Alle 19:30 ci si sposta da Wigan a Manchester: è la volta di Liam Gallagher, che resiste stoicamente in parka per tutta l’esibizione nonostante il caldo cocente. Il live è di prim’ordine: Gallagher conferma la nostra impressione di qualche tempo fa, ovvero quella che lo vede in questa nuova veste solista più a suo agio in contesti più grandi rispetto al classico club. Nonostante sia di poche parole, la chimica con il pubblico (davvero numeroso, giunto principalmente per lui e non per gli headliner di giornata) è totale. I momenti degni di nota del live sono parecchi, ma vanno ricordate in particolar modo l’imperiale esecuzione di D’You Know What I Mean? dove la sua ottima band mostra i muscoli e Listen Up, b-side amatissima dai fan ripescata dopo vent’anni di oblio. Gallagher è promosso a pieni voti ed è davvero curioso pensare a questa reunion a distanza degli Oasis che si consumerà all’I-Days: dopo Liam, sabato il fratello Noel accompagnato da Gem Archer e Chris Sharrock, preceduto dai Ride di Andy Bell.
Alle 21:30 è la volta dei Killers, che, nonostante una carriera in netto calo per quanto riguarda gli ultimi lavori in studio, non conoscono crisi in quanto a popolarità e presenze nei festival di mezzo mondo.

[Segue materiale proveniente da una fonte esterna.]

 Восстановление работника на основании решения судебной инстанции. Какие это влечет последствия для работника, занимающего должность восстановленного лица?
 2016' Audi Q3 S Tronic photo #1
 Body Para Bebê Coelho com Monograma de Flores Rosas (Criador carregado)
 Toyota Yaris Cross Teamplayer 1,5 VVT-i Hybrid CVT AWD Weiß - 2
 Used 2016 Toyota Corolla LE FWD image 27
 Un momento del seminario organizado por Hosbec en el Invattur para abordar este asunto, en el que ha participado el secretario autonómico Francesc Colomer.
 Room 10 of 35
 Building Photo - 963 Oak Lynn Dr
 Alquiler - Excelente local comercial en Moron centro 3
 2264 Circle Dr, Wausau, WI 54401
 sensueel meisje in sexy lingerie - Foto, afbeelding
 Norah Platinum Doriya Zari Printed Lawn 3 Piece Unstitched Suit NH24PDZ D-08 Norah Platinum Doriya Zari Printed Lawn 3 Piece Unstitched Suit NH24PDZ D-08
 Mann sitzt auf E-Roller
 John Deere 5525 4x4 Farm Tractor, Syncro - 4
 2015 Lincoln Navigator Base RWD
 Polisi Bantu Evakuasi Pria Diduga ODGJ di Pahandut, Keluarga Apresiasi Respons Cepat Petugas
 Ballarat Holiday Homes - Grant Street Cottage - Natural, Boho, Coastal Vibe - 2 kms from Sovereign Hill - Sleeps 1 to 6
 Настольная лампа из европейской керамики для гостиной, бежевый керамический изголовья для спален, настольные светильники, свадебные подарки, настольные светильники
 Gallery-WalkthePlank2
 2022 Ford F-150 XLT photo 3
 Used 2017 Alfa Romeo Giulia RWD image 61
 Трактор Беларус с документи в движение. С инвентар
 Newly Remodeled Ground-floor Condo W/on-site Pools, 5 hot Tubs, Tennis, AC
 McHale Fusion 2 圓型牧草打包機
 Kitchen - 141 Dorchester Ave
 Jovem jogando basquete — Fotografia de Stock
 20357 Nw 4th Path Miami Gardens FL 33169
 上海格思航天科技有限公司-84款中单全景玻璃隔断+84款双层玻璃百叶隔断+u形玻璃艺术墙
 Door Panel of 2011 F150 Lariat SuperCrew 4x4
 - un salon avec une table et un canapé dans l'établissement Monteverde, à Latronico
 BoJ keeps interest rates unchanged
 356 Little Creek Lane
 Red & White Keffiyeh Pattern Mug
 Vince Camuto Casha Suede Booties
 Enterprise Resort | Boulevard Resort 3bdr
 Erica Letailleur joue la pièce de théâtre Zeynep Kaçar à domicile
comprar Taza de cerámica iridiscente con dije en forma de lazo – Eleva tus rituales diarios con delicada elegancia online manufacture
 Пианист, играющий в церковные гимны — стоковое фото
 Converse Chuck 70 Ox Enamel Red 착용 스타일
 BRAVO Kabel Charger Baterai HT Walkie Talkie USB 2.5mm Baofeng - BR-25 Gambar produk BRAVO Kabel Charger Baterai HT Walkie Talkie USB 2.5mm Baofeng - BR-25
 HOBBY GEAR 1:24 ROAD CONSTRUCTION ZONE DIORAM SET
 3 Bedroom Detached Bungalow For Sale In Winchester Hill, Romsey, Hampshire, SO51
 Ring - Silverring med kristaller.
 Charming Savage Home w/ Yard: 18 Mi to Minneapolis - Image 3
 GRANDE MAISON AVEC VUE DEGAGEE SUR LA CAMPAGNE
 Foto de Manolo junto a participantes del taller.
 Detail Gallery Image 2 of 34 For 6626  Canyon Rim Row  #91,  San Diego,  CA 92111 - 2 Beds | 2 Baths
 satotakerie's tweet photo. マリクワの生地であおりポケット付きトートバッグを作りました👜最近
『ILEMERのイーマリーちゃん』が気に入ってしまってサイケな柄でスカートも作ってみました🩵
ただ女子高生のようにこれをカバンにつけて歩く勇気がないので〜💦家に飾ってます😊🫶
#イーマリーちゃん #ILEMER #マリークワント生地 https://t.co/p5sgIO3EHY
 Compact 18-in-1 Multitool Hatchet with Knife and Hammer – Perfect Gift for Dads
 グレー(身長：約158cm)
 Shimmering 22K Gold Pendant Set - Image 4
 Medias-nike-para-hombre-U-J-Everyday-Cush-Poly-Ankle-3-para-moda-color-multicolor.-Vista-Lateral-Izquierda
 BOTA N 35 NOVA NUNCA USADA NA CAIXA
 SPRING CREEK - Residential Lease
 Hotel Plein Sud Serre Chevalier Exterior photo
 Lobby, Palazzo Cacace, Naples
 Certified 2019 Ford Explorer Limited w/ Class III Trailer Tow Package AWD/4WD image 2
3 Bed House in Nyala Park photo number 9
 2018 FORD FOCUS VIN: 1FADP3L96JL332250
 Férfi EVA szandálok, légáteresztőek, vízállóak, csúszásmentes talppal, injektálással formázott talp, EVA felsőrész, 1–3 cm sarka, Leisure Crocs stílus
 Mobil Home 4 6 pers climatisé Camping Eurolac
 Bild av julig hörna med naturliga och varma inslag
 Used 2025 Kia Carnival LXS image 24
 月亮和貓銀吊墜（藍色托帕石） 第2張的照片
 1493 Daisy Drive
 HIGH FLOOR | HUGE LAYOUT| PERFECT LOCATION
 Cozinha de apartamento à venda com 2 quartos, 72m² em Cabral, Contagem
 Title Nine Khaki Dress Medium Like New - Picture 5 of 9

La strada Brandon Flowers l’ha tracciata ormai dieci anni fa, quando decise – dopo due album eccellenti – di virare verso sonorità più commerciali, melodie facilmente assimilabili e dal consumo facile. Il live ne risente e più volte l’emozione fa spazio all’intrattenimento puro. I Killers però sanno suonare, Flowers si fa aiutare da un eccellente trio di coriste e le scenografie (a proposito di intrattenimento…) sono davvero notevoli. A farla da padrone sono ovviamente le canzoni dei primi due album, Hot Fuss e Sam’s Town: ma se All These Things That I’ve Done è suonata in modo sinceramente straordinario, non si può dire certo lo stesso della meravigliosa When You Were Young, rovinata da un’esecuzione fin troppo rapida. Cala il sipario sulla prima giornata dell’I-Days: potrà piacere o meno, ma la costante crescita di un festival del genere non può che far bene al panorama musicale italiano, sempre avaro di eventi di questo tipo.